I’m so ashamed…

Yeah. Here I am… the dregs of society. Not good enough to conquer myself, not smart enough that an employer would want to keep me even though I have a disability, not physically strong enough to “just do it”, not mentally strong enough to force through on willpower alone.

Yeah?
Stop it.

I am not a fan of positive thinking. I’m not a fan of hypnosis tapes or soothing water fall meditations. I don’t need anyone to coddle me and I certainly don’t want anyone to feel sorry for me.

I’m also not a fan of beating someone when they’re down. And guess what.. I’m down.  Because no matter how much of an adventure it is, being homeless isn’t an optimum mode of living.

So if I refuse to beat on someone who’s down, why do I allow myself to be beaten down? Even more confusing, why am I the one beating on myself?

So stop it. If you’re reading this and you’re in a similar position, stop it, right now (but keep reading). If you’re reading this and thinking of someone you know who’s in this position and thinking “I know they could pull themselves up if they would just try!”, stop it!

Now for the consideration of the feelings.  It’s no wonder I want to feel ashamed of myself. There is great social stigma attached to being homeless, or even being nomadic (which is usually something completely different).  We teach our children to fear “the bums” and use the homeless as object lessons against drugs (hint, most people aren’t homeless because of drugs; though many do use drugs to get away from the reasons that made them homeless).   And humans are primarily a pack animal. We want to fit in, we want to be safe in the middle of the herd.

So.. you’re sitting there saying, Sure, I know why I feel ashamed, I know that it’s not a good idea to beat myself into a pulp about where I am in life, but I don’t know how to NOT feel ashamed.

I’m not too sure how that works either. Some people will tell you to offer help to those who are even more unfortunate than you are. Okaaaay.. sure, but what if you *are* the bottom rung in the little fishbowl you inhabit? And why should you have to focus on the fact that at least you’re one rung above someone else? That doesn’t seem to be a very stable point to base your emotional well-being on. Some people will say “focus on what you CAN do, not on what you can’t do.” Okay, great. There’s lots of things I can do but no one else puts any value on those things I can still do. Not all that useful for regaining your self-respect when no one else respects you.

I think that it all comes down to knowing how to accept other’s value judgements without internalizing those value judgements. How do you do this? I don’t know really. My guess is to stop “caring” what “other people” say. I haven’t been very successful at this.
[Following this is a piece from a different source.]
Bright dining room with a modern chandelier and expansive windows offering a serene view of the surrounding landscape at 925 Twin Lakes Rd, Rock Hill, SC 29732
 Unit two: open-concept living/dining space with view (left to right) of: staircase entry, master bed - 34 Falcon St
What has helped me the most is to try and understand why other people say what they do. Are they afraid they might end up homeless and not be able to survive homeless? Are they angry because they feel guilty because they’re going out for steak that night and Sunday’s sermon was feeding the poor? Are they trying to improve their pack position by currying favor with those more popular (which leads them to ridicule, heckle, or abuse you)?

When I look at their actions this way, I find that I often feel sorry for *them*. Not for myself. *I* am prepared and can adapt to living homeless without falling apart. I don’t have anything to feel guilty for, I share with those I can (even being homeless I can share what I have, knowledge, maybe some prepared food, a real conversation person to person), and take care of myself as responsibly as I can so I don’t take up space that someone else might need in the hospital or the shelter or the food bank. I have no need to improve my pack position. I know where I am in the pack, I know that I have the skills to live here, and I’m busy living instead of manipulating or fawning over someone else.

That’s the best thing I’ve come up with for myself. Of course your reasoning will be your own.

If you aren’t homeless but reading this blog, would you be ashamed to be homeless?  How would you deal with it? Would you feel that being ashamed is all you’re worth?

If you are homeless, are you ashamed? If so, for the same reasons I mentioned? If not, why not? And did you have to learn to not be ashamed or were you one of the few who never saw anything to be ashamed about from the start?